• RECORDS FOR THIS TASK
↓
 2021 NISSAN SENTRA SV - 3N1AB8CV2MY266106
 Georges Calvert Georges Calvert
↑
↓
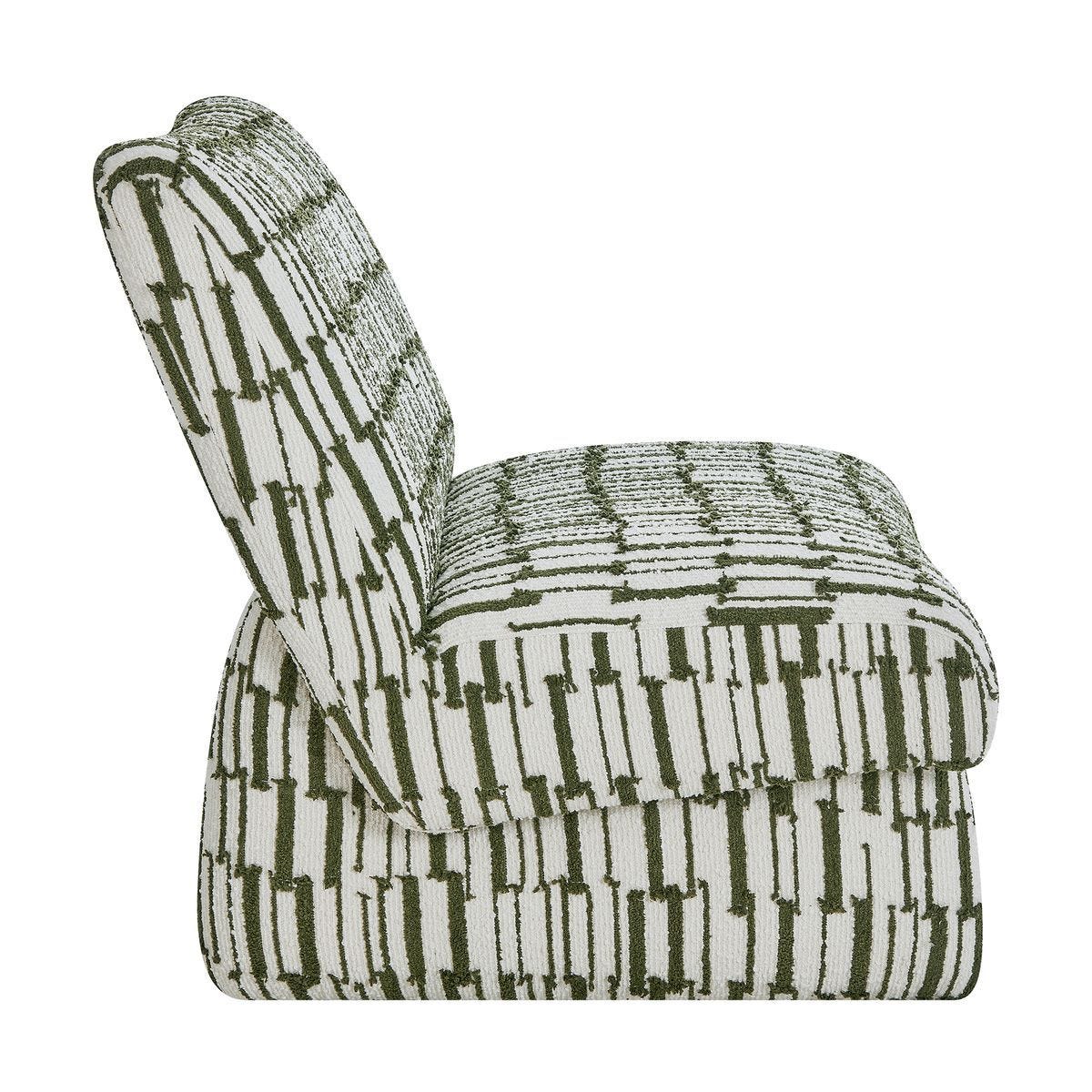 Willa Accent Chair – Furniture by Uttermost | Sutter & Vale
↑
↓
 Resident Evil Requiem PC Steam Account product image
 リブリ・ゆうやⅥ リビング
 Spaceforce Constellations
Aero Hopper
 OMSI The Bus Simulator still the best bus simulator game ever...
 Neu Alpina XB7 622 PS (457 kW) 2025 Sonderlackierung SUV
↑
• EXERCISE AIM
Produce only the lines from the line containing "2021 NISSAN SENTRA SV - 3N1AB8CV2MY266106" through the line containing "Georges Calvert Georges Calvert", inclusive of both, exactly as they stand in the entries above.

• ANSWER SPACE
 2021 NISSAN SENTRA SV - 3N1AB8CV2MY266106
 Georges Calvert Georges Calvert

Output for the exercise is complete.